Par acte du même jour, Madame [B] [K] s’est portée caution des engagements de Madame [Y] [X] au titre du prêt susvisé.
Par lettres recommandées reçues les 27 et 28 mars 2025, la société FRANFINANCE a mis en demeure Madame [B] [K] et Madame [Y] [X] de payer les échéances impayées à peine de déchéance du terme du contrat de prêt.
Par lettre recommandée reçue le 19 mai 2025, la société FRANFINANCE a prononcé la résiliation du contrat.

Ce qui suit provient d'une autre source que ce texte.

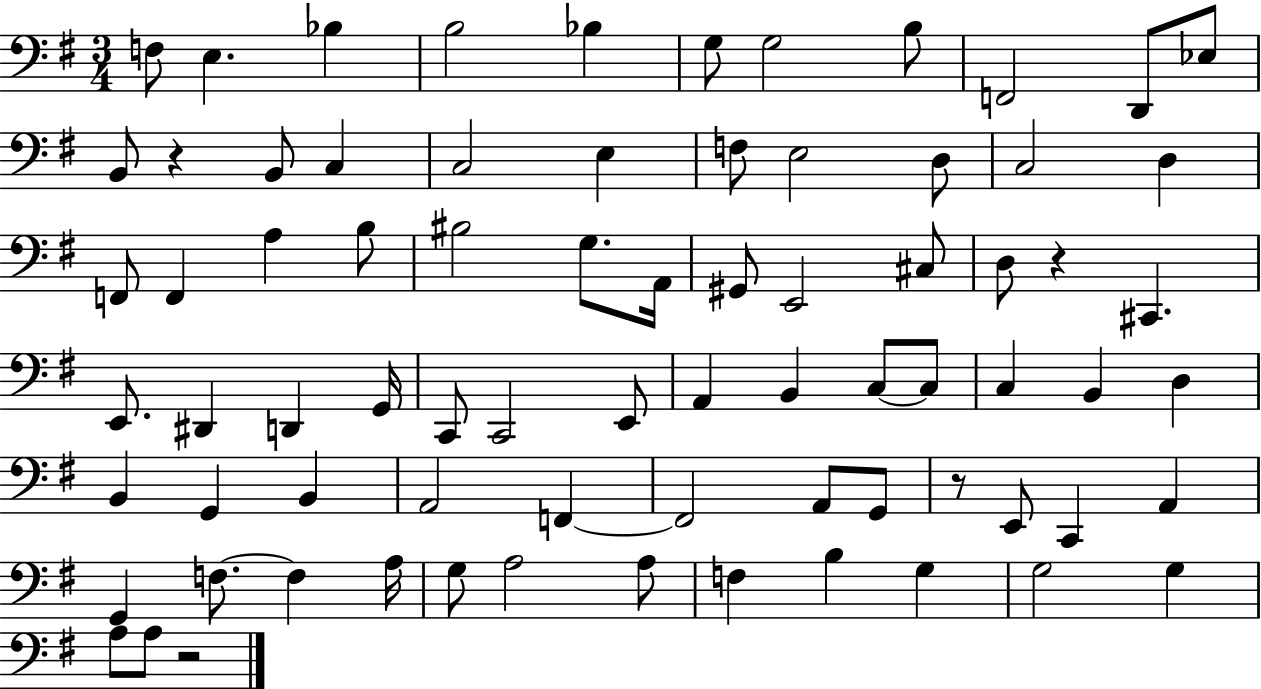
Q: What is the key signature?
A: G major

Par acte de commissaire de justice en date des 22 et 23 janvier 2026, la société FRANFINANCE a fait assigner Madame [B] [K] et Madame [Y] [X] devant le juge des contentieux de la protection, aux fins de voir :
• À titre principal, constater la déchéance du terme du contrat de crédit à la date du 19 mai 2025,
• À titre subsidiaire, prononcer la résiliation judiciaire du contrat de crédit,
• Condamner solidairement Madame [Y] [X] et Madame [B] [K] au paiement de la somme de 21663,47 euros, avec intérêts au taux de 1,49% l’an à compter du 22 juillet 2025 jusqu’au jour du parfait paiement,
• Ordonner la capitalisation des intérêts dus pour une année au moins,
• Rejeter toute demande de délais de paiement,
• Condamner solidairement Madame [Y] [X] et Madame [B] [K] aux dépens de l’instance ainsi qu’au paiement de la somme de 500 euros au titre des dispositions de l’article 700 du code de procédure civile ;
• Dire n’y avoir lieu d’écarter l’exécution provisoire de la décision à intervenir.

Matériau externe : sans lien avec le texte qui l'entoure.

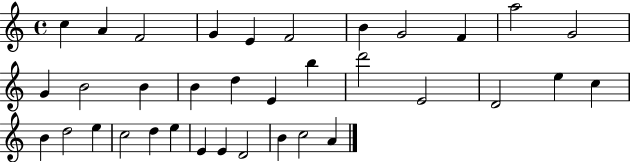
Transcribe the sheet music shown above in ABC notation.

X:1
T:Untitled
M:4/4
L:1/4
K:C
c A F2 G E F2 B G2 F a2 G2 G B2 B B d E b d'2 E2 D2 e c B d2 e c2 d e E E D2 B c2 A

A l’audience la société FRANFINANCE, représentée, actualise à 21329,56 euros le quantum de sa demande en paiement et maintient le surplus des prétentions développées dans son assignation. Elle ne s’oppose pas à la demande reconventionnelle de délais de paiement, tout en mentionnant que les éléments communiqués par Madame [Y] [X] revêtent un caractère hypothétique.

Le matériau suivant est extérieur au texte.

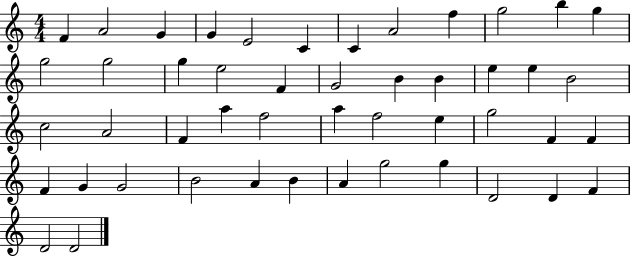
{
  \clef treble
  \numericTimeSignature
  \time 4/4
  \key c \major
  f'4 a'2 g'4 | g'4 e'2 c'4 | c'4 a'2 f''4 | g''2 b''4 g''4 | \break g''2 g''2 | g''4 e''2 f'4 | g'2 b'4 b'4 | e''4 e''4 b'2 | \break c''2 a'2 | f'4 a''4 f''2 | a''4 f''2 e''4 | g''2 f'4 f'4 | \break f'4 g'4 g'2 | b'2 a'4 b'4 | a'4 g''2 g''4 | d'2 d'4 f'4 | \break d'2 d'2 | \bar "|."
}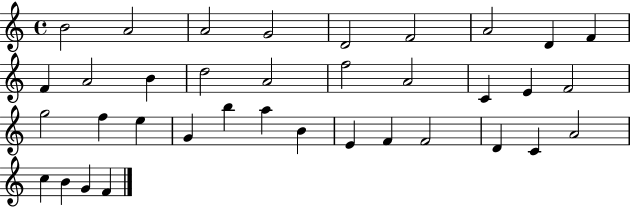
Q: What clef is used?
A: treble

Elle indique que les mensualités de l’emprunt n’ont pas été régulièrement payées, ce qui l’a contrainte à prononcer la déchéance du terme, rendant la totalité de la dette exigible. Subsidiairement, elle expose, sur le fondement des articles 1224 et suivants du code civil, que Madame [Y] [X] a manqué à ses obligations contractuelles en ne payant pas les échéances. Elle précise que la forclusion biennale n’est pas encourue, le premier incident de paiement non régularisé datant du 30 novembre 2024 et qu’elle est dès lors bien fondée à obtenir la condamnation de l’emprunteuse et de sa caution au paiement du solde des sommes dues augmentées des intérêts au taux contractuel, au visa des articles L311-1 et suivants du code de la consommation.
Elle a également pu émettre ses observations sur le respect des règles d’ordre public fixées par le code de la consommation.
Madame [Y] [X], présente, ne conteste pas le contrat ni le principe de la créance. Elle demande des délais de paiement à hauteur de 250 euros par mois. Elle expose s’être trouvée en difficulté en raison d’une dette de charges sociales due à l’URSSAF et de l’expiration de son titre de séjour sur le territoire français, mais compter sur un retour à meilleure fortune du fait d’un rendez-vous obtenu auprès de la Préfecture pour le renouvellement de son titre de séjour et d’une promesse d’embauche.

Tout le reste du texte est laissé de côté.